The Spectator newsletter reports:
Yet last night, two former defence secretaries Sir Gavin Williamson and Sir Grant Shapps said Britain should send HMS Prince of Wales, an aircraft carrier currently stationed in Portsmouth. The carrier would take two weeks to arrive and is currently preparing for a Nato deployment in the Arctic.
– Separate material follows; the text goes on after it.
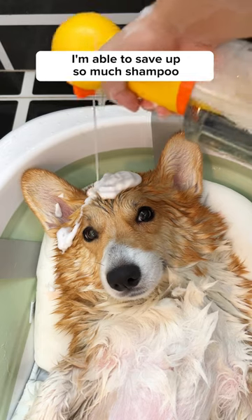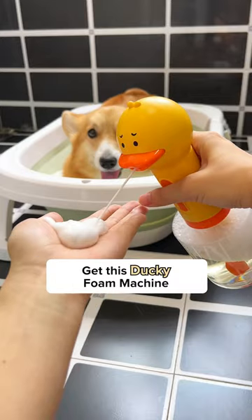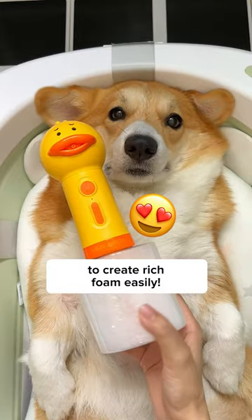I'm able to save up so much shampoo just by doing this. Other than using it on the dog, I can still use it when I'm washing my hair or face — it's gonna feel so good. Get this ducky foam machine today on How's Your Day to create rich foam easily.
Yet as Williamson pointed out: ‘The current pressure is not in the Arctic… the threat is in the Gulf and in the eastern Mediterranean and we should be very rapidly redeploying forces to address that.’ Echoing his concerns, Shapps said: ‘The idea that this country can sit out a war against arguably the most evil regime on the planet is completely bonkers.’
It's not entirely clear which 'most evil regime' Shapps is talking about here: Is it the USA or Israel or perhaps Iran?
Who knows, there are so many regimes around these days that the word has largely lost its pejorative meaning.
A bit like 'democracy' and phrases like 'full-scale invasion' and 'rules-based order', which all mean diddly squat.
Let's hope that - unlike the £3.7 billion HMS Queen Elizabeth carrier - the PoW carrier can get past the Isle of Wight before breaking down and limping back to base.
Why not just send all the carrier's fighters to Akrotiri and Diego Garcia to sit there on standby in case any more schools need bombing?
At least these former defence grandees admit that 'the current pressure is not in the Arctic' - a tacit admission that all this Russian threat nonsense is just that - nonsense - (the real threat is from the USA) and sending a gunboat to anchor off Greenland to try out lots of cool arctic gear is just sabre-rattling.
Unlike the UK, Russia has a valid interest in Arctic security having the longest border with the region at 24,000 kms, whereas the UK arctic border is - you guessed it - 0 kms.